● Task description: Every line from the one with "Final Videos of EXTINCT or LOST Species" through the final line of the data below goes in the answer, copied exactly. Pictures do not.

● Source data:
= = = =

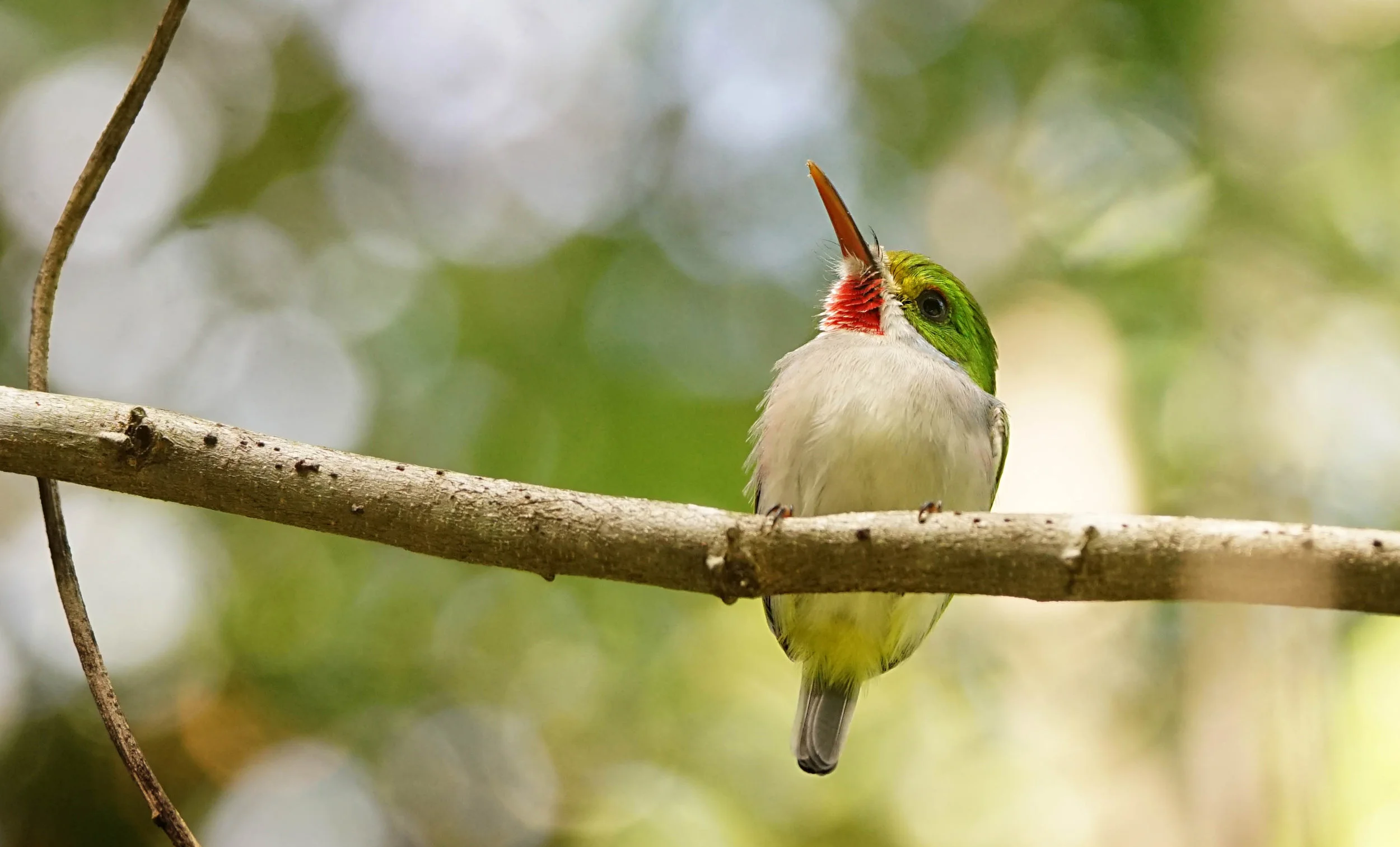 Cuban Tody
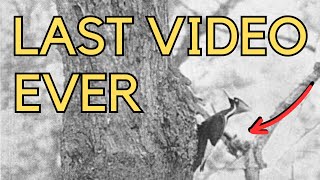 Final Videos of EXTINCT or LOST Species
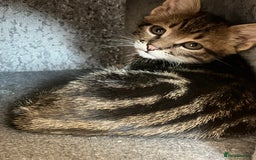 Domestic Shorthair cats for sale: 5 kittens on sale - Image 6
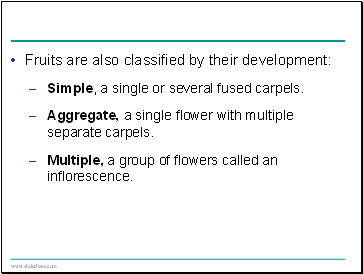 Fruits are also classified by their development:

= = = =

● Answer area:
 Final Videos of EXTINCT or LOST Species
 Domestic Shorthair cats for sale: 5 kittens on sale - Image 6
 Fruits are also classified by their development:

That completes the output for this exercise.